By pushing herself out of her dysfunctional family, Harding is a scrappy warrior. As the film dives into the absurd, letting you be a spectator to her downfall and addressing how the media portrayed her, its offbeat style also creates empathy for her; to understand the purpose of skating as her Achilles’ heel; how she gets her self-worth from skating, how her ambition is a refuge and curse. The movie is wildly successful in its ability to be heart-wrenching and uncommonly funny. But never it never entirely absolves Harding for what happened to Kerrigan, nor uses any of the film's violence for cheap laughs.
What ultimately carries
I, Tonya is the cast lead by Margot Robbie. Playing Harding from fifteen to forty-seven years old, the native Australian completely throws herself into the role from the mid-western speech to the second-hand make-up and costumes. As an actress, and a vital producer to the film and ensuring the movie was sensitive yet candid, Robbie creates a palpable image of Harding - a white-trash underdog who’s unvarnished personality didn’t fit the golden ice princess image. The film’s style has a lot going on, and Robbie manages to ground the audacious portrayal into something believeable. With her, the supporting cast Sebastian Stan, Allison Janney, and Paul Walter Hauser, morph what would be caricatures into real-life people that you really can't believe actually exist.
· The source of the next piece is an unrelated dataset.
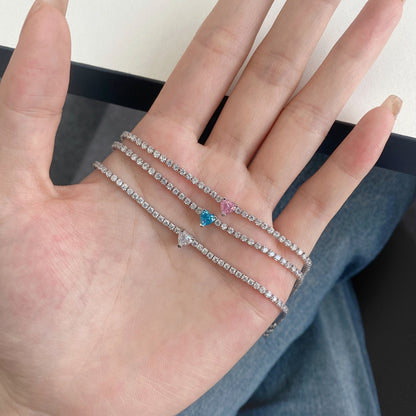 [Charm Aries Jewelry]0.5 Carat Elegant Romantic Heart Shape Lover Bracelet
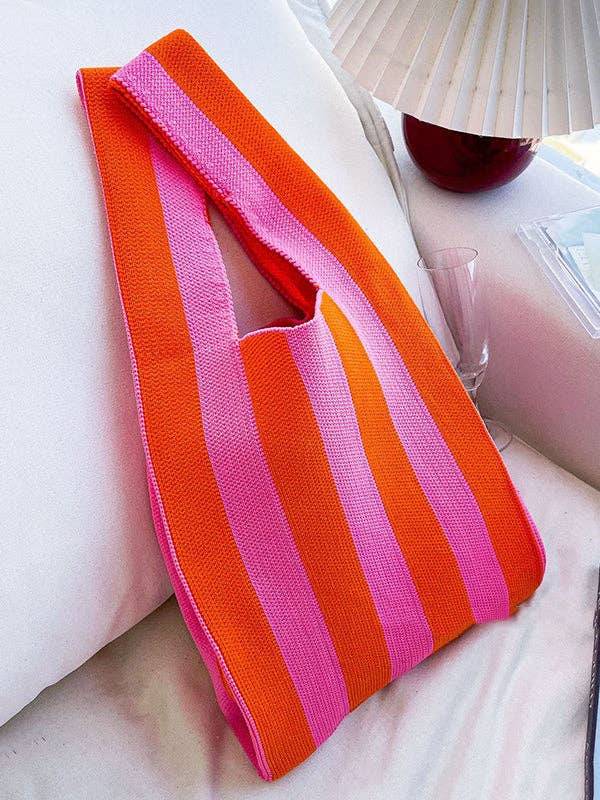 UZ Wholesale Store - Wholesale Tote Bag - Women's - Contrast Color Striped Bags Woven Handbag3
A big hand goes to the screenwriter Steve Rogers in balancing Harding as both a victim and victimizer; she was a bystander to her husband’s crime and also complicit in it. The film covers a lot of ground like class in America, the value of a person’s image over their talent, and a woman determined to break free. His writing bends and curves all over the place but never jumps the tracks.
Interestingly, as the movie focuses on Tonya more than Kerrigan, a lot of critics wonder what the latter thinks - especially since Harding serves as a producer and
I, Tonya’s has been collecting accolades in Hollywood. It’s easy: she’s moved on and living her life. Even though the movie does not glorify and limits showing Kerrigan’s perspective, much of the social commentary about her comes across as a projection of long-overdue sympathy. Considering that the movie explores society's judgement on them both, it's interesting to look back and see them both treated like a sideshow in this major circus;
Kerrigan also became a salacious scandal, soon not living up to critic's expectations, with
her attack being made into parodies and getting called out her on her own mistreatment to other skaters. It makes me wonder if we’ve moved beyond a place in cinema to explore people who are flawed and don't live on an imaginary pedestal that everyone is perfect; or that maybe the expectation for the movie was to pit
two women against each other in a superficial feud.
I, Tonya is not a straight-forward investigation of ‘Who dun it’, trying to cleverly re-imagine who is the real culprit of attacking Kerrigan. The movie’s a true-crime soap opera, digging into a scandal that divided the world, the dark underground of figure skating, and a woman picking herself up from her
bootstraps skates. The story swerves in-between being funny, dysfunctional, and dark, but as crazy as it gets, it never loses sight of Robbie as the star or the Harding as the story; it's pure gold.
Rating: ★★★
Have you seen I, Tonya? What did you think?